**WORK TO BE COMPLETED:**
Omit every picture and return the rest of the data unaltered.

**INFORMATION SHOWN:**
________________
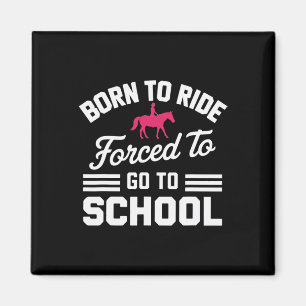 Imã Equestre de Corda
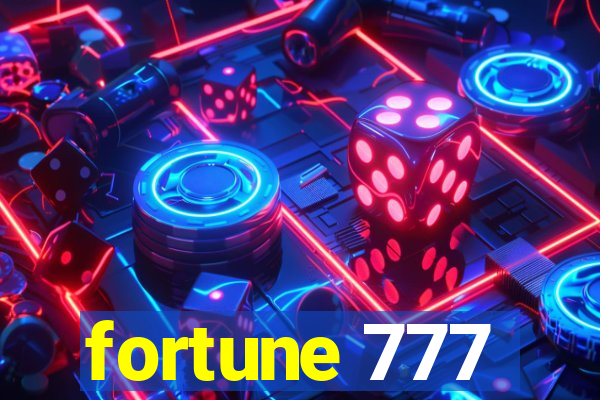 fortune 777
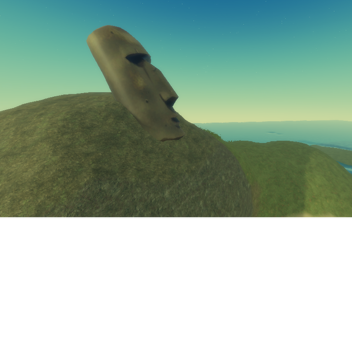 The Mystery Island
________________
**ANSWER TO THE PROBLEM:**
 Imã Equestre de Corda
 fortune 777
 The Mystery Island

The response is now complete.